El ‘shale’ entra en juego
En segundo lugar, la geopolítica de la energía –y en concreto el mercado del gas– ha vivido en la última década la llamada “revolución del shale”, de la que EEUU ha sido el principal beneficiado. Esto potencia la natural resistencia americana a todo lo que signifique más dependencia de Rusia en Europa. El gas natural era considerado hasta hace poco “un mero subproducto de la extracción del petróleo”, pero ha ido ganando autonomía. Antes se caracterizaba casi exclusivamente por la construcción de gasoductos y la firma de contratos a largo plazo sujetos a obligaciones de “consume o paga”. En el caso de Rusia, estas obligaciones incluían al 85 % del gas contratado, junto con la prohibición de reexportaciones y la vinculación de su precio al del petróleo.
Hoy no es que los gasoductos hayan dejado de existir, ni mucho menos. De hecho, como prueba Nord Stream 2, se siguen construyendo. Pero la aplicación de las tecnologías de la perforación horizontal y el fracking a la roca de esquisto (shale), junto con la expansión de la exportación del gas natural licuado (GNL), que amplía la posibilidad de trasportarlo vía marítima a precios muy competitivos, ha revolucionado el mercado y ha puesto fin a la dominación exclusiva de los países de Eurasia y Oriente Próximo y sus redes de gasoductos. Ya en 2015, más de la mitad la producción de gas estadounidense provenía del shale. Washington ha pasado en los últimos años de ser importador a exportador de energía y primer productor mundial de gas. Y en un mercado en el que esta materia prima es cada vez más abundante –en 2017 hubo un aumento de la producción de un 4% frente al 3% de aumento de la demanda, y todavía existen muchas reservas sin explotar–, EEUU quiere su parte del pastel.

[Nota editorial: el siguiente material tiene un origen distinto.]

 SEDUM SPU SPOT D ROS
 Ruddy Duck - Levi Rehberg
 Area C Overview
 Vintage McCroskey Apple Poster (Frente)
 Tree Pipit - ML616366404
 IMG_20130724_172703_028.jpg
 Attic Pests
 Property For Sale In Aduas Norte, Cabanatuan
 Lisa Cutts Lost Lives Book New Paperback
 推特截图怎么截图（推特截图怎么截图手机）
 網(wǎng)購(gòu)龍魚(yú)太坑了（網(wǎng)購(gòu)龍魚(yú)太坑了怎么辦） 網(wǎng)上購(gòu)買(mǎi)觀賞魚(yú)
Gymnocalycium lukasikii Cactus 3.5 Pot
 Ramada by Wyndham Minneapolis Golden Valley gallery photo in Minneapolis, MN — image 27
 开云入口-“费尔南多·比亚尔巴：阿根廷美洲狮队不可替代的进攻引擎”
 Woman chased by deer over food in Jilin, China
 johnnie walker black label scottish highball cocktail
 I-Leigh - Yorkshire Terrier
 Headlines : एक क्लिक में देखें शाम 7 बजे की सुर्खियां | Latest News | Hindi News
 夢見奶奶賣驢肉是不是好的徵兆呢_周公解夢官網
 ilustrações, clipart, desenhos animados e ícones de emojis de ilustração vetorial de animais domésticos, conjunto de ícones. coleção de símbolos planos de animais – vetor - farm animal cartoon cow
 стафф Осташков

Así, además de las sanciones, Washington también ha lanzado propuestas a países europeos para que compren su GNL. Hay un buen ejemplo en España. Llegan a la península dos gasoductos desde Argelia, país del que España importaba, en 2018, alrededor del 50% del gas consumido. Pues bien, en febrero, y por primera vez en 30 años, Argelia dejó de ser el primer suministrador de Madrid, dejando el puesto a EEUU, que representó el 27% de las importaciones españolas, por el 22,6% argelino.
Con el buque de Gazprom a las puertas de Alemania, y pese a los intentos de frenarlo por parte de diferentes actores, parece que su finalización es inevitable. Quienes se oponen tendrán que encontrar nuevas vías para lograr sus objetivos. Parece que EEUU ya ha empezado.